Ode to Ochrasy: If you find yourself struggling with the title blazed across the cover of Mando Diao's latest record, don't worry. The band coined the term all on their own. "Ochrasy is no tangible place. It's the bleak, bleary swirls of hours between gig end and sunrise…the haze of fuzzy bars in fuzzier cities. It's where the criminals, freaks, and fuck-ups hang out and, prowling in their midst, there's Mando Diao hunting for fresh songwriting meat." Some might consider the Swedish band a bit bold for engaging in such a sonic, anthropological study of those who make the nighttime such a dangerous, down, and dirty adventure at times. But when anyone spends a few years of their life working until 1am, it can't really be considered a study…it is life.

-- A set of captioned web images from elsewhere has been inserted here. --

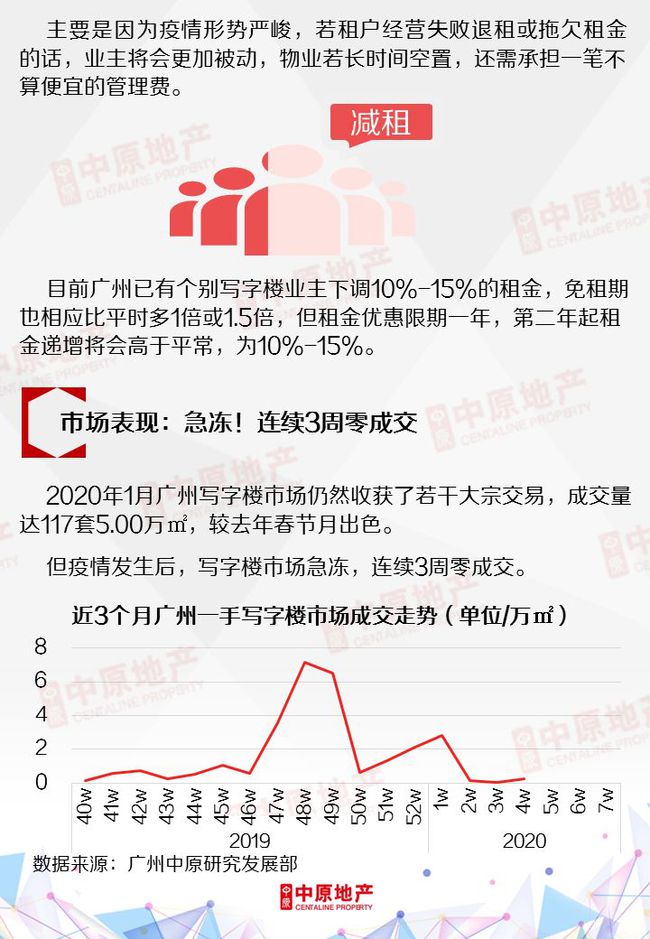 广州疫情最新官方报告分析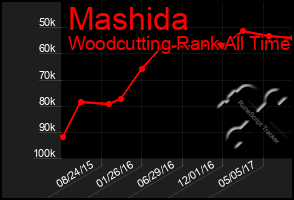 Total Graph of Mashida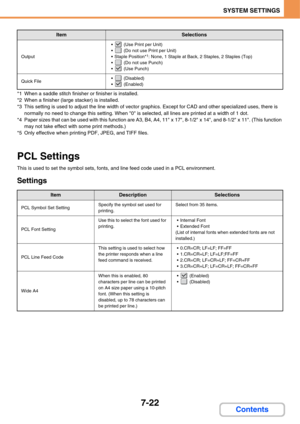 Page 6697-22
SYSTEM SETTINGS
Contents
*1 When a saddle stitch finisher or finisher is installed.
*2 When a finisher (large stacker) is installed.
*3 This setting is used to adjust the line width of vector graphics. Except for CAD and other specialized uses, there is 
normally no need to change this setting. When 0 is selected, all lines are printed at a width of 1 dot.
*4 Paper sizes that can be used with this function are A3, B4, A4, 11 x 17, 8-1/2 x 14, and 8-1/2 x 11. (This function 
may not take effect with...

Filmed at New York City's Bowery Ballroom, this performance shows what years spent living in "Ochrasy" have done for Mando Diao. Marrying a tightly knit sound with sinister slanted lyrics, epic song writing, and a celebratory stage presence, Mando Diao are a boisterous bunch of Swedes worth believing in. They may be a robust looking pack. But behind their irresistible style lies an artistic substance all their own that has gone critically overlooked throughout the years. - David Pitz
Mixing garage rock sneer and Brit-pop sass -- along with a truckload of other influences -- Borlange, Sweden's Mando Diao began when its members were all still in their teens. The band's germination dates back to 1995, when singer/songwriter/keyboardist Daniel Häglund and singer/songwriter/guitarist Björn Dixgärd were in a band called Butler. Even after that group broke up, the pair continued playing and writing together, eventually bringing bassist Fredrik Nilsson, guitarist Gustaf Noren, and drummer Anton Grahnstrom into their fold; Nilsson and Grahnstrom were replaced by Carl Johan Fogelklou and Samuel Giers. By 1999, they were known as Mando Diao. The group continued to hone their sound, blending pop, mod, soul, R&B, and Brit-pop elements into a style that was quirky yet timeless. In 2002 they released their first E.P., Motown Blood, through the Majesty and Capitol imprints; the acclaim for the E.P., and the similarities in their sound to the Strokes and the Hives, raised Mando Diao's profile considerably, and the band went on tours of Sweden with the Hellacopters and Kent. Later that year the band released the singles "Mr. Moon" and "The Band", both of which stoked anticipation for their full-length debut album, Bring 'Em In. In 2005, the band returned with Hurricane Bar; a follow-up record that landed in a musically similar place. Courting Ode to Ochrasy, the band’s latest release is a documentation of 18 months on the road in support of Hurricane Bar.